# MATERIAL PROVIDED:

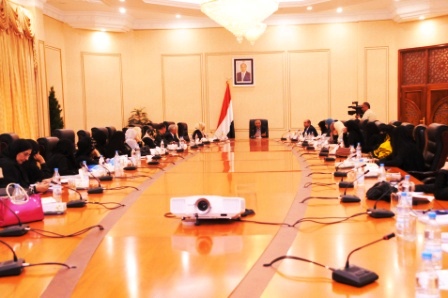 باسندوة خلال ترؤسه اجتماع المجلس الأعلى للمراة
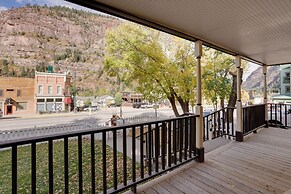 Patio & Mountain Views: Central Ouray Getaway!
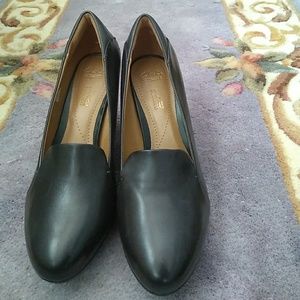 Clarks heels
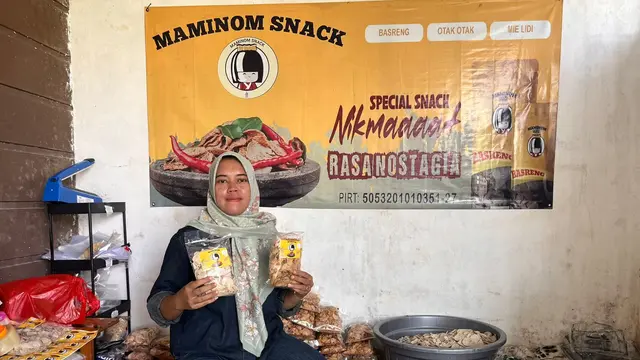 Owner Maminom Snack, Rena Regina (35)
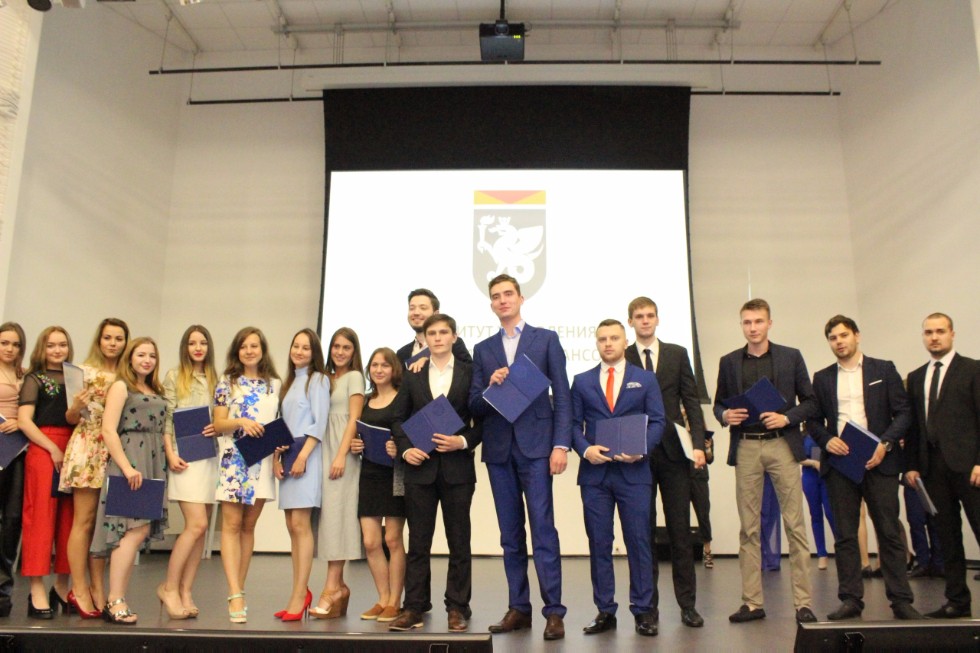 Поздравляем выпускников ИУЭФ - 2017! Поздравляем выпускников ИУЭФ - 2017!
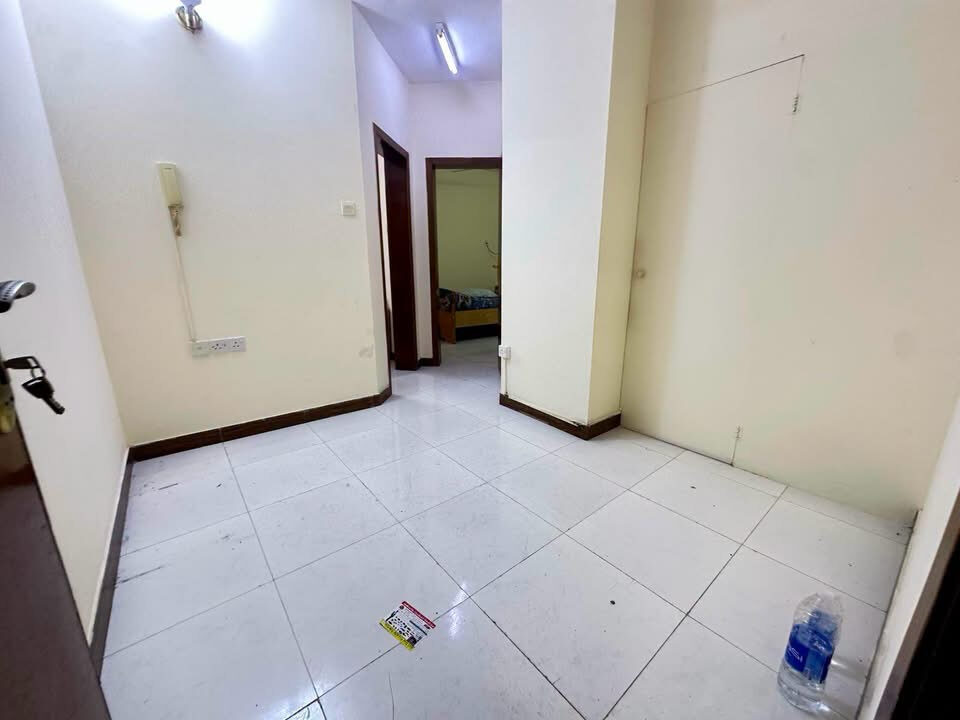 Gudaibiya, Apartments, Flats, Houses & Villas, BHD 250/year,  2 BR,  Gudaibiya:- 2BHK Semi-Furnished Flat On Rent With EWA.  Bd 250/- With Ewa.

# AIM OF THE TASK:
Omitting all pictures, give the preceding listing again exactly.

# RESPONSE BOX:
 باسندوة خلال ترؤسه اجتماع المجلس الأعلى للمراة
 Patio & Mountain Views: Central Ouray Getaway!
 Clarks heels
 Owner Maminom Snack, Rena Regina (35)
 Поздравляем выпускников ИУЭФ - 2017! Поздравляем выпускников ИУЭФ - 2017!
 Gudaibiya, Apartments, Flats, Houses & Villas, BHD 250/year,  2 BR,  Gudaibiya:- 2BHK Semi-Furnished Flat On Rent With EWA.  Bd 250/- With Ewa.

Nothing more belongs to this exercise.